Her organization, which is in charge of protecting water resources, deals with permits when water is on a developer’s site and discharges takes place.
Jan Smutny-Jones, executive director of the Independent Energy Producers Association followed.
He noted that Imperial Valley is and has been “a great place to develop projects.”
But there are challenges at a local level, he said, mainly because areas that may have some issues “are being squeezed pretty hard,” he said.
Locals have to figure out what to do about farmland issues, he said.
California Public Utilities Commissioner Catherine J.K. Sandoval informed the audience about new proceedings.
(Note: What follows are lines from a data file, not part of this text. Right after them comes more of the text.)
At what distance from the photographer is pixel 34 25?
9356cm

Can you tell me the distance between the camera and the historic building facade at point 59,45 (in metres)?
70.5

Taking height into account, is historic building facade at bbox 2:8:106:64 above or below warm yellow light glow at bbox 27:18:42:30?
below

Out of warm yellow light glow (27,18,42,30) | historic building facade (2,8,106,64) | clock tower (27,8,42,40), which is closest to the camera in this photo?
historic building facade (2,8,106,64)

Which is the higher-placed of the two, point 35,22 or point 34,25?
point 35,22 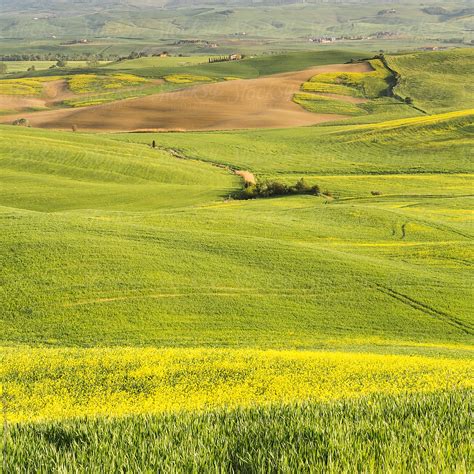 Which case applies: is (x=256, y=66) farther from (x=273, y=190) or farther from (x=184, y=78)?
(x=273, y=190)

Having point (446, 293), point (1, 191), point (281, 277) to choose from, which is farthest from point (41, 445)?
point (1, 191)

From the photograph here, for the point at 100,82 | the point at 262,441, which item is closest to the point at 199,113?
the point at 100,82

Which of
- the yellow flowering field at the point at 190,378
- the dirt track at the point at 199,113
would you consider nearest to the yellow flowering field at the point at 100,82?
the dirt track at the point at 199,113

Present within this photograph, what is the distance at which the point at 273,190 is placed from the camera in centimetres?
6788

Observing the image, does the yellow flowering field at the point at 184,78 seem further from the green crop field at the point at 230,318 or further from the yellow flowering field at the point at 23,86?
the green crop field at the point at 230,318

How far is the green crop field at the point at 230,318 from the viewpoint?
7.56m

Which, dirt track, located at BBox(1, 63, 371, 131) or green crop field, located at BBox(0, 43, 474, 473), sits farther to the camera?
dirt track, located at BBox(1, 63, 371, 131)

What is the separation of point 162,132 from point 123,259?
246 feet

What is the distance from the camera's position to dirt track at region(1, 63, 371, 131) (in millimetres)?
112125

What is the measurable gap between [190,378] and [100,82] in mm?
155887

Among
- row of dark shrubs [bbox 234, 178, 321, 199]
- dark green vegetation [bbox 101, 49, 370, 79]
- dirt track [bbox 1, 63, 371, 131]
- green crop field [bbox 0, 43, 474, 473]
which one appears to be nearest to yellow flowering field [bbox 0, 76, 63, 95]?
dark green vegetation [bbox 101, 49, 370, 79]

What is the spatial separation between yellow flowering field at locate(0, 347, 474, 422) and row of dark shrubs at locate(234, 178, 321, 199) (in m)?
45.9

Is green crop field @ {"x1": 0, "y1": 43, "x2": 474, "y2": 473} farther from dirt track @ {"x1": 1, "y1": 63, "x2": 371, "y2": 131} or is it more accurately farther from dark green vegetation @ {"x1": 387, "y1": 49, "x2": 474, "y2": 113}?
dark green vegetation @ {"x1": 387, "y1": 49, "x2": 474, "y2": 113}

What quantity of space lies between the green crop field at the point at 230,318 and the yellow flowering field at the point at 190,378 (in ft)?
0.31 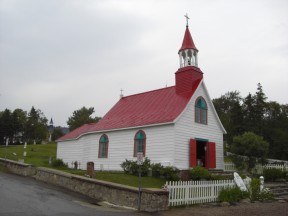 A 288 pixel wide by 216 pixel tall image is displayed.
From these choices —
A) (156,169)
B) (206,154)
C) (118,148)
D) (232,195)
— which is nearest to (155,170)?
(156,169)

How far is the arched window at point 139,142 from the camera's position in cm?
2298

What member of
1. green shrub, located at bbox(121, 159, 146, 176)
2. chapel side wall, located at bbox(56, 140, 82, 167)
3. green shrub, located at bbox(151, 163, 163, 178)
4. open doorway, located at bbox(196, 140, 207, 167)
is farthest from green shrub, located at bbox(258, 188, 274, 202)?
chapel side wall, located at bbox(56, 140, 82, 167)

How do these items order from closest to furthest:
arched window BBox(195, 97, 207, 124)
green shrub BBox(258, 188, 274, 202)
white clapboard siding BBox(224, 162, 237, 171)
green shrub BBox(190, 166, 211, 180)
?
green shrub BBox(258, 188, 274, 202) → green shrub BBox(190, 166, 211, 180) → arched window BBox(195, 97, 207, 124) → white clapboard siding BBox(224, 162, 237, 171)

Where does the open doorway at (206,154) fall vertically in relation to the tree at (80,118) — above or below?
below

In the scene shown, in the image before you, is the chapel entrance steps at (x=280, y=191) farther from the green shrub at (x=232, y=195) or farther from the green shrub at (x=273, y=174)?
the green shrub at (x=273, y=174)

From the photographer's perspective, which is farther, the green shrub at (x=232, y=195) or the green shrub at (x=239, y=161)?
the green shrub at (x=239, y=161)

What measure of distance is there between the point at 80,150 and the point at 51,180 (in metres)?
10.00

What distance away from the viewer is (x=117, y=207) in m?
13.5

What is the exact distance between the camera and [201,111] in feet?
79.2

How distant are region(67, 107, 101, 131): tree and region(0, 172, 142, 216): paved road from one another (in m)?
56.3

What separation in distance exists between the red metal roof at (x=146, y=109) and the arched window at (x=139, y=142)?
2.38ft

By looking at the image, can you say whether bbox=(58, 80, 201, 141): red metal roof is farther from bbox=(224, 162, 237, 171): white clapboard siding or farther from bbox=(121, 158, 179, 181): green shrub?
bbox=(224, 162, 237, 171): white clapboard siding

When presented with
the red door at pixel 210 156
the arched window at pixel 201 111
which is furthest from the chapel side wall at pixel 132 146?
the red door at pixel 210 156

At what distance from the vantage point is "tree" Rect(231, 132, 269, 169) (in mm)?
22766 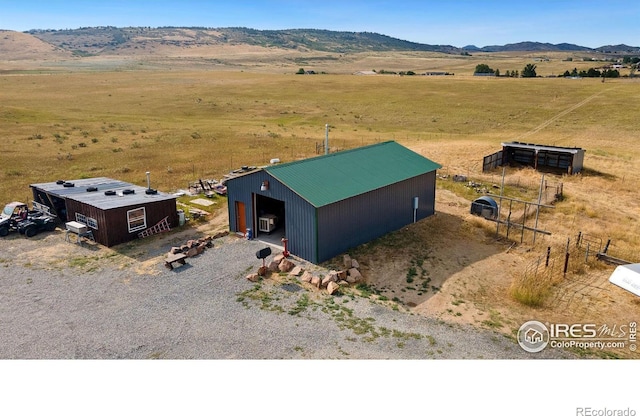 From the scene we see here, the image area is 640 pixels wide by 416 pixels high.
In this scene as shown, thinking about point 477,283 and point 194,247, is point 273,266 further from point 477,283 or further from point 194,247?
point 477,283

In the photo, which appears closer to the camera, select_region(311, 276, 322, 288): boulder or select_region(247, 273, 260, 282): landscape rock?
select_region(311, 276, 322, 288): boulder

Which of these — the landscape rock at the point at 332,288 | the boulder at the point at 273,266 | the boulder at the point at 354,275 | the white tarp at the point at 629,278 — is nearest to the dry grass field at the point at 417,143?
the boulder at the point at 354,275

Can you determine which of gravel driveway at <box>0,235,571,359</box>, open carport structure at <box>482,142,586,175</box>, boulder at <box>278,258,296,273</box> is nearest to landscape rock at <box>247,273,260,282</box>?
gravel driveway at <box>0,235,571,359</box>

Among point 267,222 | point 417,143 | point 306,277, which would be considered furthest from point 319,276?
point 417,143

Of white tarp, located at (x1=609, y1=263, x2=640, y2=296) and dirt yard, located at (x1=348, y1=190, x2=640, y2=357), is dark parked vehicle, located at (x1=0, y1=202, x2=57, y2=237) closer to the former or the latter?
dirt yard, located at (x1=348, y1=190, x2=640, y2=357)

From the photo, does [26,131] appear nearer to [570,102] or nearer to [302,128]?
[302,128]

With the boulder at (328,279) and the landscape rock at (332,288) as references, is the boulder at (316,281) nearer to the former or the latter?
the boulder at (328,279)

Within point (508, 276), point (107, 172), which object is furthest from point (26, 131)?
point (508, 276) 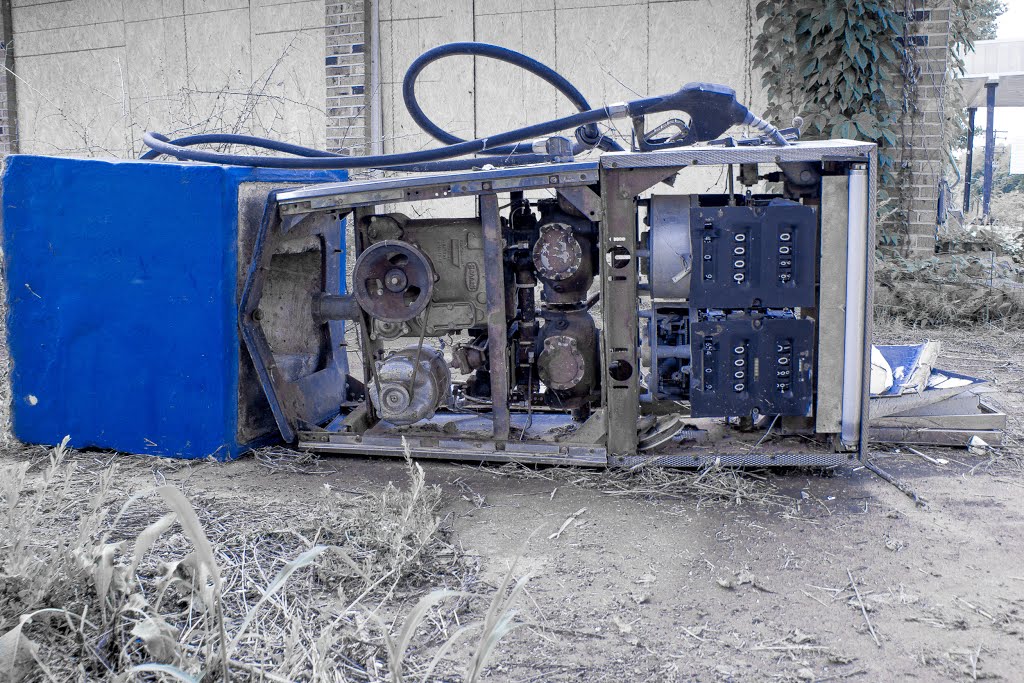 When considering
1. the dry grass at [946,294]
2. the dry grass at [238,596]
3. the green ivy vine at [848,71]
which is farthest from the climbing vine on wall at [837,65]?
the dry grass at [238,596]

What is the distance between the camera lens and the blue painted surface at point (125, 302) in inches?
155

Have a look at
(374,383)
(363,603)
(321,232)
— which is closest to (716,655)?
(363,603)

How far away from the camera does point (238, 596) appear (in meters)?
2.60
In the near future utilities are going to be allocated credits for emissions, she said.
Sandoval also pointed out a need to create the technology to store energy.
Finally, Thomas Zale, associate field manager of the Bureau of Land Management, discussed guidelines for developers, such as consulting with Native Americans and have biological and archaeological surveys done early.
After a break and lunch, attendees returned; this time to hear from developers about the economic promises of renewable energy.
The first presentation came from Vincent Signorotti from Energy Source LLC.
In less than two years the geothermal plant Hudson Ranch 1 went from construction to operation and created 55 full-time jobs, Signorotti said.
In addition the plant was built by PMC, a local contractor and that created more than 200 jobs, he said.